*Problem description*:
Look below for the line containing "But if I want" and the line containing "And this is", then set down both and every line between them exactly, without pictures.

##### Data excerpts #####

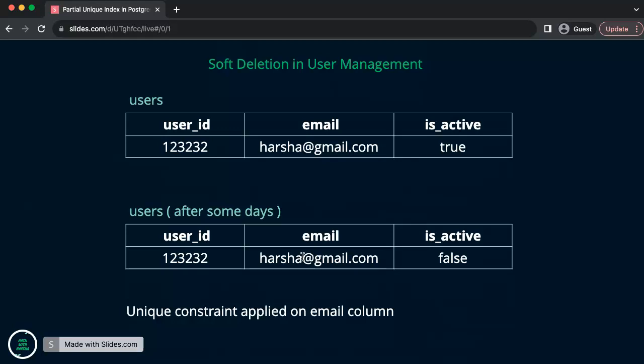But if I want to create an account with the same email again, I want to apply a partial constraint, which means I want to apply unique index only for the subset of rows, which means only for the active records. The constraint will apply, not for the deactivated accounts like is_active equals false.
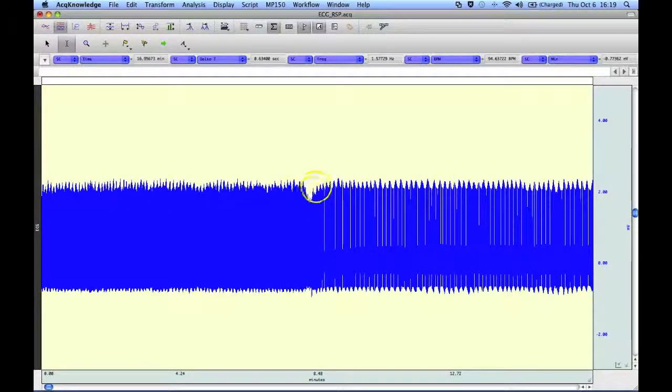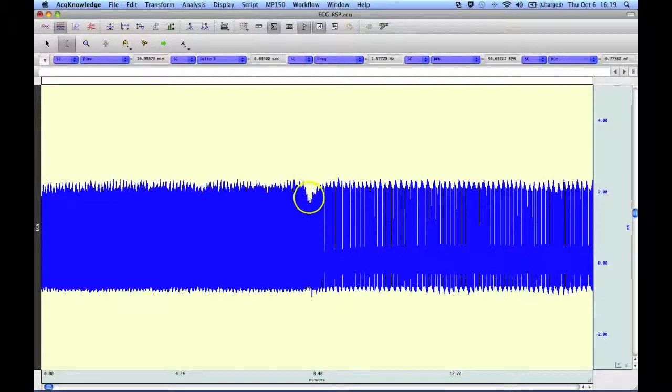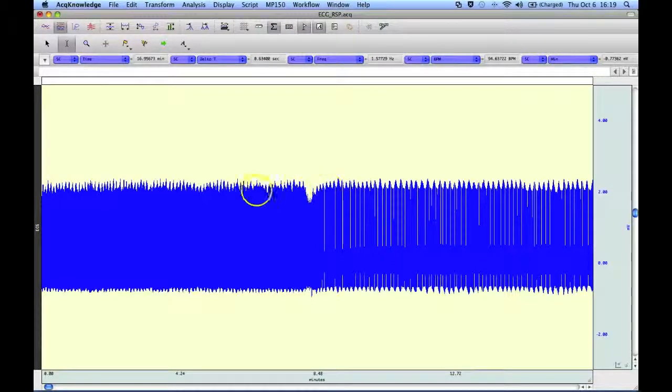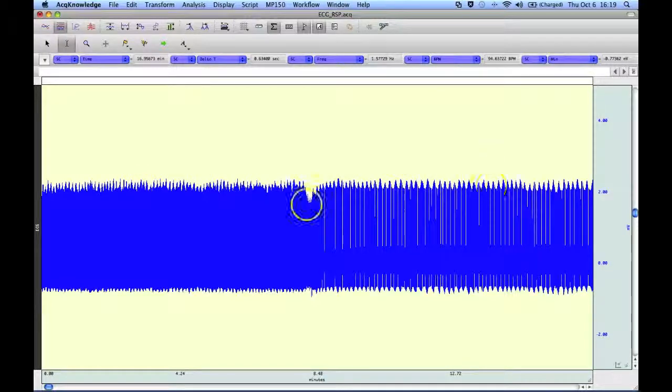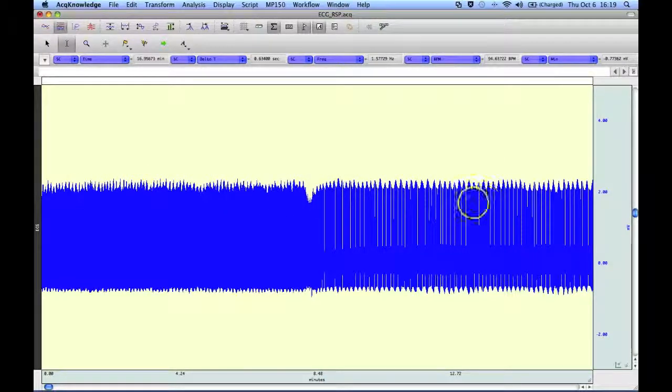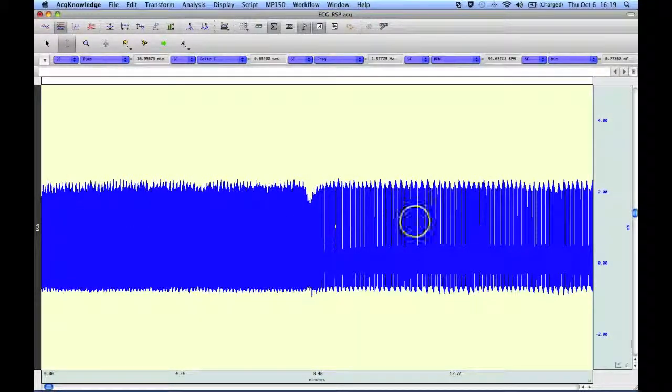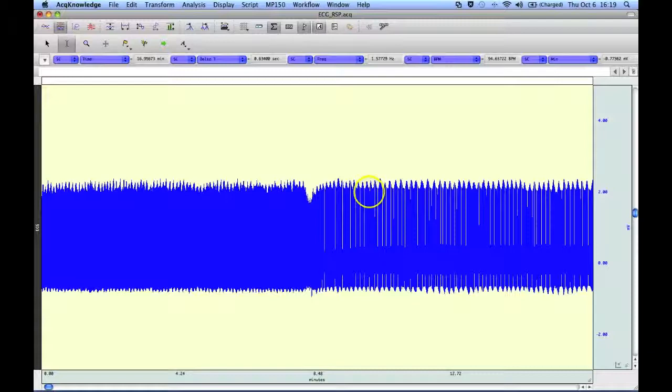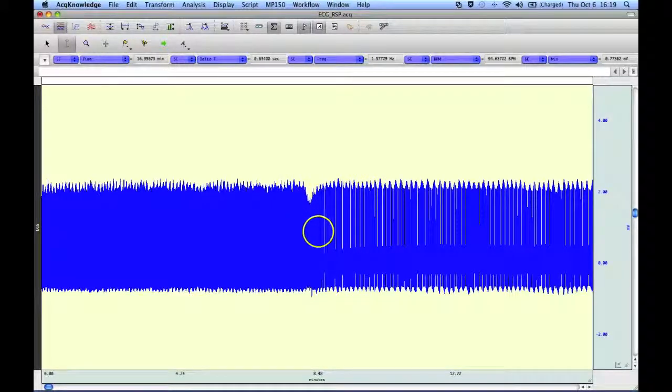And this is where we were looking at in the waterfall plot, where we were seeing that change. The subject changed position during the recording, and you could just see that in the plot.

#####
##### Data excerpts #####

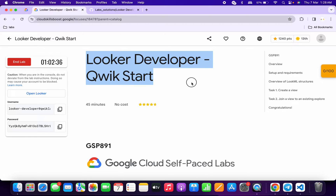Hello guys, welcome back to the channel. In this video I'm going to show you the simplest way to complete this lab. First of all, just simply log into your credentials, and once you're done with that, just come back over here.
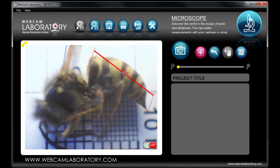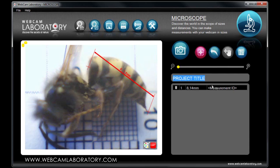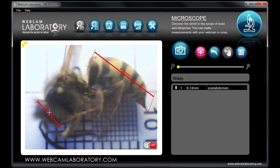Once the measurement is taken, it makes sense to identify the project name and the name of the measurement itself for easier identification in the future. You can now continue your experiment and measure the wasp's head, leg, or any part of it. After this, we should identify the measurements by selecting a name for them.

#####
##### Data excerpts #####

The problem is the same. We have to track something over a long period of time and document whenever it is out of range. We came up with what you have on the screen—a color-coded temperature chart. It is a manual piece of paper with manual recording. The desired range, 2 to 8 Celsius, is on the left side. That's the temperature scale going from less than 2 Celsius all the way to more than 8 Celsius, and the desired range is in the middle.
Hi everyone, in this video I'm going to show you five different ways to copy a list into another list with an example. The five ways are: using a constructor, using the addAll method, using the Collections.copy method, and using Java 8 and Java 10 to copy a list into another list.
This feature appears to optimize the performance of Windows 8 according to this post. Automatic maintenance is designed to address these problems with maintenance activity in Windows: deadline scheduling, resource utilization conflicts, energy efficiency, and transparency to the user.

#####

*Answer section*:
But if I want to create an account with the same email again, I want to apply a partial constraint, which means I want to apply unique index only for the subset of rows, which means only for the active records. The constraint will apply, not for the deactivated accounts like is_active equals false.
And this is where we were looking at in the waterfall plot, where we were seeing that change. The subject changed position during the recording, and you could just see that in the plot.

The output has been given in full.